Insurers and lenders
- Require lifecycle TDD: Independent reviews covering design, component durability, OEM cleaning bulletins, robotics controls, and storage integration.
- Tie premiums to risk engineering: Incentivize hail‑resistant modules, tracker stow strategies, and AI‑supported cleaning with verifiable logs.
- Clarify perils vs. wear‑and‑tear: Spell out exclusions around abrasive cleaning; require O&M evidence for claims; consider parametric hail covers with on‑site sensors.
- Demand digital evidence: Time‑stamped sensor data, weather records, and maintenance logs as part of SOV (statement of values) updates and claim files.
Regulators and standards bodies
- Update durability baselines: Encourage or require testing beyond legacy hail sizes where climatology warrants; promote coating abrasion standards and disclosures.
- Mandate BOM transparency: Public registries or auditable filings for module BOMs and any changes post‑type‑approval.

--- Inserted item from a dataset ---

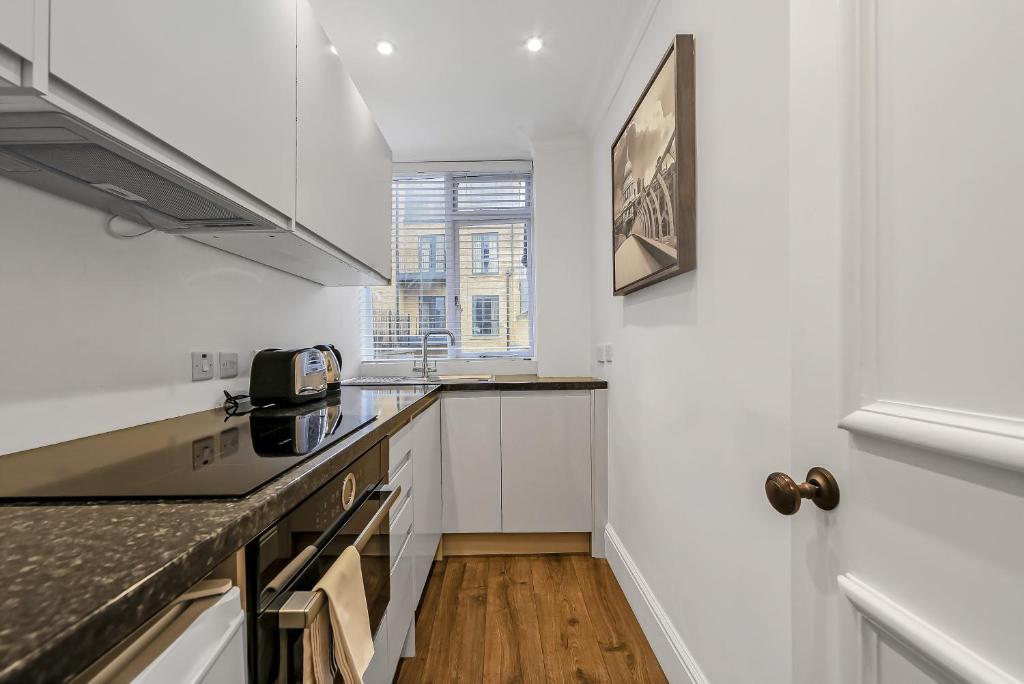 10 Curzon Street by Mansley 전경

- Set data and cybersecurity minima: Time sync requirements, event logging standards, and security baselines for SCADA and storage controls.

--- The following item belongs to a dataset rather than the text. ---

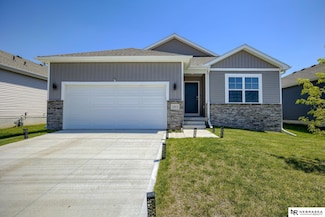 12613 S 204th Ave, Gretna, NE 68028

- Establish robotics safety norms: Geofencing, fail‑safe behaviors, and operator certification for night and adverse weather operations.
Bottom line: Speed is good. Documented, disciplined speed is better.
Automation and AI will keep pushing solar toward lower LCOE and faster delivery. But as weather grows more erratic and hybrid systems more complex, the cost of cutting corners rises. Seemingly trivial choices—brush type, water chemistry, a single unvalidated firmware setting, a robot running vision‑only in dust—can cascade into multi‑million‑dollar yield losses and hard‑to‑win disputes.
The antidote is not to slow down; it is to pair speed with rigorous technical due diligence, OEM‑aligned O&M, sensor‑redundant robotics, and transparent data. Get those foundations right, and the industry can have it both ways: rapid build‑out that actually delivers the lifetime performance investors, insurers, and the climate transition are counting on.